Let $\mathcal{L}$ denote the $\sigma$-algebra of Lebesgue measurable sets on $\mathbb{R}$. Then, if memory serves, there is an example (and of course, if there is one, there are many) of a continuous function $f:\mathbb{R}\rightarrow \mathbb{R}$ that is not measurable in the sense that $f:(\mathbb{R},\mathcal{L})\rightarrow (\mathbb{R},\mathcal{L})$ is measurable, but unfortunately, I was not able to recall the example. Could somebody please enlighten me?

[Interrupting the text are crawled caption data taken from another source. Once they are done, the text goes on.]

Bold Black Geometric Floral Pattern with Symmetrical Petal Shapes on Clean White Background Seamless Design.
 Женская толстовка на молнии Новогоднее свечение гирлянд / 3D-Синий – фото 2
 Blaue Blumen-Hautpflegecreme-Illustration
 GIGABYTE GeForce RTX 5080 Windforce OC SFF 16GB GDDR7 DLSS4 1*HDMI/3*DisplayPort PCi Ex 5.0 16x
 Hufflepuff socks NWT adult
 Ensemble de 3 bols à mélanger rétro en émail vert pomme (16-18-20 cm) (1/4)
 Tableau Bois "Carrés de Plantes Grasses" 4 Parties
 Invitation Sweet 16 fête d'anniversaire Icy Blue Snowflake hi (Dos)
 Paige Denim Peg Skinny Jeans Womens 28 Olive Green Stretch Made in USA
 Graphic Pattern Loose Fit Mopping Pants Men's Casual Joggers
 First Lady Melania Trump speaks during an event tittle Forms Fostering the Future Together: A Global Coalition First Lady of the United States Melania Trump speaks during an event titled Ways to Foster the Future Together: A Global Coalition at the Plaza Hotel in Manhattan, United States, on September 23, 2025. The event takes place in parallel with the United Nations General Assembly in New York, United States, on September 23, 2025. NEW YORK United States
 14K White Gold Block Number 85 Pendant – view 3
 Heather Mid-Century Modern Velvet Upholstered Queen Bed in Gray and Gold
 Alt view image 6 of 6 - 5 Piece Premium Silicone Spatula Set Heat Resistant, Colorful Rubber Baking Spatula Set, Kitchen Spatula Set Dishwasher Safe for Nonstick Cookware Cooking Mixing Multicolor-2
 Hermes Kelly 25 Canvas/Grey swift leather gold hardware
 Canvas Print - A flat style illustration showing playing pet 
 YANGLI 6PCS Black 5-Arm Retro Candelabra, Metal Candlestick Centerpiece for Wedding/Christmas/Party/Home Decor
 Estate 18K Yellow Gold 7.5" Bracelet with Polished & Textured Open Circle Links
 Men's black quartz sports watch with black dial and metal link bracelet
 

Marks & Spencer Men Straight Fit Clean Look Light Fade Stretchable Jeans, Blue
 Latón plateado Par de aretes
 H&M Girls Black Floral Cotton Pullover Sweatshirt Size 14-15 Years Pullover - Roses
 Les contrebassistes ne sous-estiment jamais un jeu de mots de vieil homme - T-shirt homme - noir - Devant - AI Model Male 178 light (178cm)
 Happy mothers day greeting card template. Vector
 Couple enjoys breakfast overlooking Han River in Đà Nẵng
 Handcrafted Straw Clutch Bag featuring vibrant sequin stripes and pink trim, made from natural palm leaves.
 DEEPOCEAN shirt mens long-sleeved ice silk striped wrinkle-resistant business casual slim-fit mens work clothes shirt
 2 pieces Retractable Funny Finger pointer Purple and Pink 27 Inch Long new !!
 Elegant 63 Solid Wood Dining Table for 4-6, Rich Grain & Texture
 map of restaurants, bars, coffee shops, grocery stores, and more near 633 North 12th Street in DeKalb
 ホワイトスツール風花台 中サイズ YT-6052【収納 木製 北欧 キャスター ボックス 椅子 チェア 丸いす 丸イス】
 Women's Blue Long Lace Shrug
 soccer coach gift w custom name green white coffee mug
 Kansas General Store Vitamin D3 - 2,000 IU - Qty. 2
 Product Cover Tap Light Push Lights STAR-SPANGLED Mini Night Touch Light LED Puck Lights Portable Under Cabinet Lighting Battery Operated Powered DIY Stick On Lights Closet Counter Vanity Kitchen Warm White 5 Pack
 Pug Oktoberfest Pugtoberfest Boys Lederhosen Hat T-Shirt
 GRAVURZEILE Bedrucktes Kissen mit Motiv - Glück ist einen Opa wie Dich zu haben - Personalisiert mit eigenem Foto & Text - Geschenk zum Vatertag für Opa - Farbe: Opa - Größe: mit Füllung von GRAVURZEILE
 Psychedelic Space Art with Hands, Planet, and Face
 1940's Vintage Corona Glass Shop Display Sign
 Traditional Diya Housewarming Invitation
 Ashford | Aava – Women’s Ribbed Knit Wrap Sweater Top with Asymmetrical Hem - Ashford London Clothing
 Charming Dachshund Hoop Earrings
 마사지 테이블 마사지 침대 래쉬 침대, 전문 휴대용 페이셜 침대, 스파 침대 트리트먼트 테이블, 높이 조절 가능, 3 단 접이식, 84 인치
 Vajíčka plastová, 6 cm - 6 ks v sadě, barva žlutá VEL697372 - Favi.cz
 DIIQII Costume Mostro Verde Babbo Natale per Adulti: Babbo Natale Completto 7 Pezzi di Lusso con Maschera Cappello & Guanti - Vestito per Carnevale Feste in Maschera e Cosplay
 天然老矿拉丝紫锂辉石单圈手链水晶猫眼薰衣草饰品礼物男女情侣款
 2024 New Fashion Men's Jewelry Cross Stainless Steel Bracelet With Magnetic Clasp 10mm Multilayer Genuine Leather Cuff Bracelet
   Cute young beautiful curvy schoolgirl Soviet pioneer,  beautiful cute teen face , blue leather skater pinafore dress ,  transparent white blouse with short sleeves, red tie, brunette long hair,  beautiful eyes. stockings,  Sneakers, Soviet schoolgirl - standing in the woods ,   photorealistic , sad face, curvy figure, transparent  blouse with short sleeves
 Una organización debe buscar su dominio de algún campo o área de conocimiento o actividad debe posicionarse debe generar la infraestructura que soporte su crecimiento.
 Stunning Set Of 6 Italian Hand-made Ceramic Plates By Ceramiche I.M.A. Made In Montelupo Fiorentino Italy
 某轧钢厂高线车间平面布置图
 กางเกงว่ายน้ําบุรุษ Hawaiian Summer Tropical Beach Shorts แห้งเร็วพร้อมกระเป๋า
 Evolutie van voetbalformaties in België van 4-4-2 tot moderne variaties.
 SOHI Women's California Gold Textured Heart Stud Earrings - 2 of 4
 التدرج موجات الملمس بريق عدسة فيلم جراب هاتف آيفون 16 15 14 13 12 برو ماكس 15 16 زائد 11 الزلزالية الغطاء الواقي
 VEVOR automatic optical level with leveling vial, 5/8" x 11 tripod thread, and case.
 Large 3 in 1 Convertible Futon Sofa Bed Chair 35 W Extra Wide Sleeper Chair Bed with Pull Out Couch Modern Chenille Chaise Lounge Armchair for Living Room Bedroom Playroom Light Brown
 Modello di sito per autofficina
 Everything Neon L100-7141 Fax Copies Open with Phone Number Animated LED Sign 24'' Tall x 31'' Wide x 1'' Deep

Note that this is not in contradiction with the usual "Every continuous function is measurable.", because in this statement it is implicit that the co-domain is equipped with the Borel sets, not the Lebesgue measurable sets.
Best Answer
The standard example is given by the function $g(x)=f(x)+x$, where $f$ is the devil's staircase function of Cantor. It turns out that the function $g$ is a homeomorphism from $[0,1]$ onto $[0,2]$ and has the property that $\mu(g(C))=1$ (where $C$ is the Cantor set). Pick a non measurable $A\subset g(C)$. First note that $B=g^{-1}(A)$ is measurable since $B\subset C$. It follows that $g^{-1}$ is continuous, $B$ is Lebesgue measurable but $(g^{-1})^{-1}(B)$ is non measurable.